DATA PROVIDED:
##########

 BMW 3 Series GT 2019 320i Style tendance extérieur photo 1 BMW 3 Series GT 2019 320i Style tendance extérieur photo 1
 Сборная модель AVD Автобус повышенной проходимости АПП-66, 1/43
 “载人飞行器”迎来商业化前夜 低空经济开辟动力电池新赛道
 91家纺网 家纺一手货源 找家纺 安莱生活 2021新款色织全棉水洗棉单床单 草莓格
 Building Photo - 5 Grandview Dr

##########

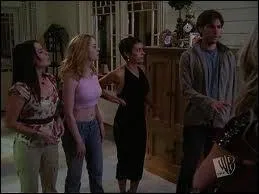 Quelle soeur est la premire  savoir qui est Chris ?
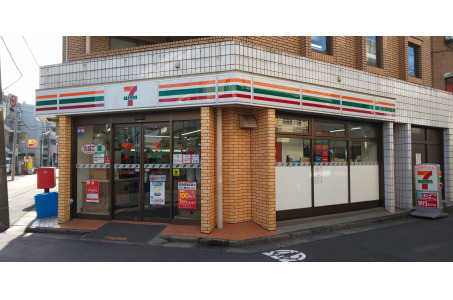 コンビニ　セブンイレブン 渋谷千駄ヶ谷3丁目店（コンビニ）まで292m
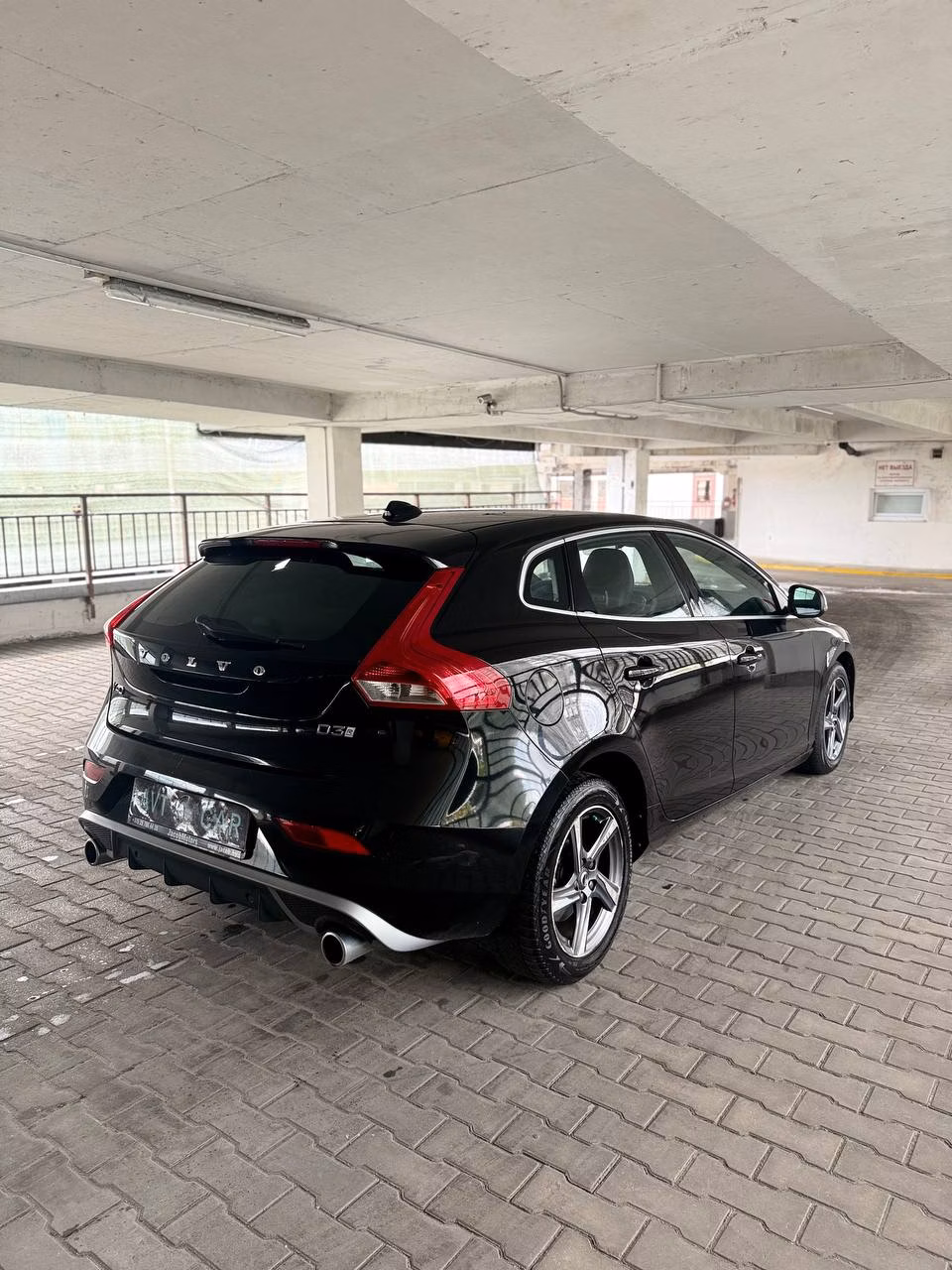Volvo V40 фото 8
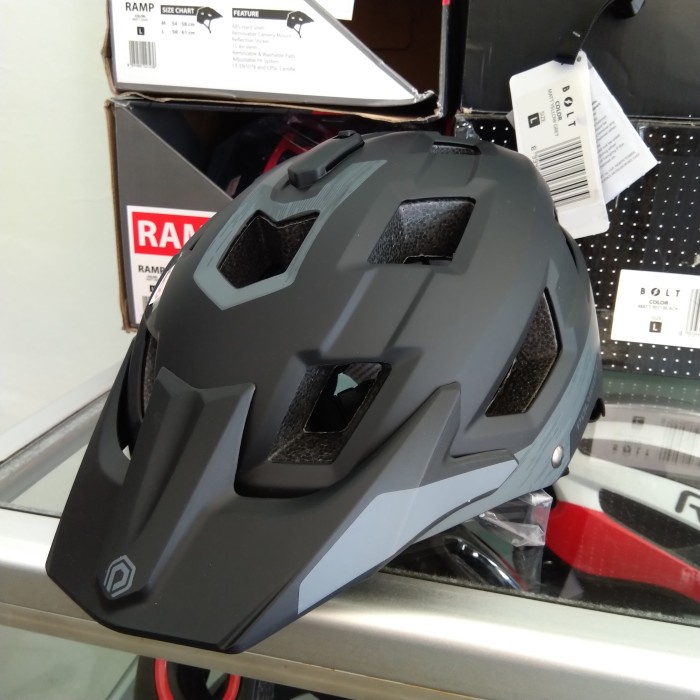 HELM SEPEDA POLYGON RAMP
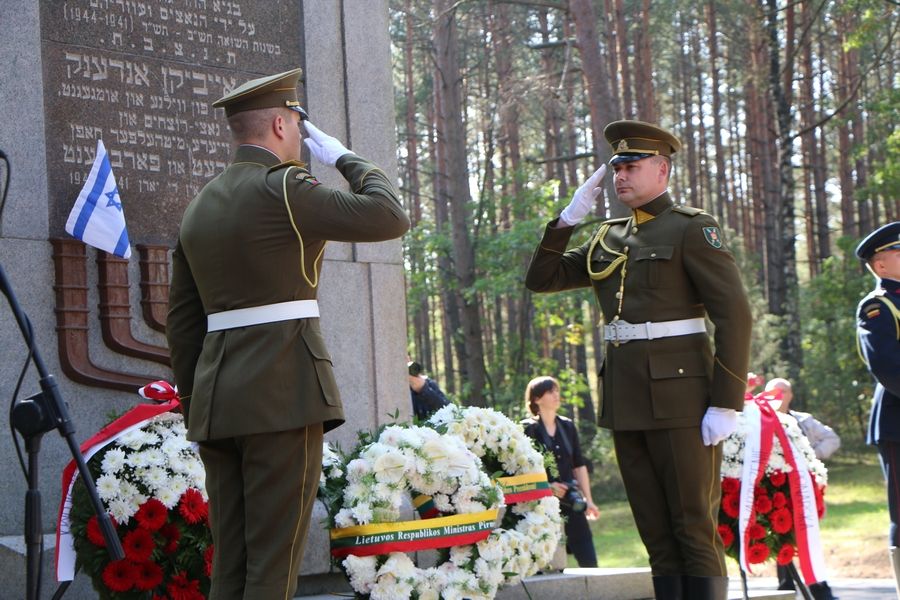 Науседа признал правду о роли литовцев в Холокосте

##########

TASK INSTRUCTIONS: Write out only the lines that run from the line containing "photo 1 BMW" through the line containing "Building Photo - 5 Grandview Dr", both included, exactly as they appear above.

RESULT OF THE EXERCISE:
 BMW 3 Series GT 2019 320i Style tendance extérieur photo 1 BMW 3 Series GT 2019 320i Style tendance extérieur photo 1
 Сборная модель AVD Автобус повышенной проходимости АПП-66, 1/43
 “载人飞行器”迎来商业化前夜 低空经济开辟动力电池新赛道
 91家纺网 家纺一手货源 找家纺 安莱生活 2021新款色织全棉水洗棉单床单 草莓格
 Building Photo - 5 Grandview Dr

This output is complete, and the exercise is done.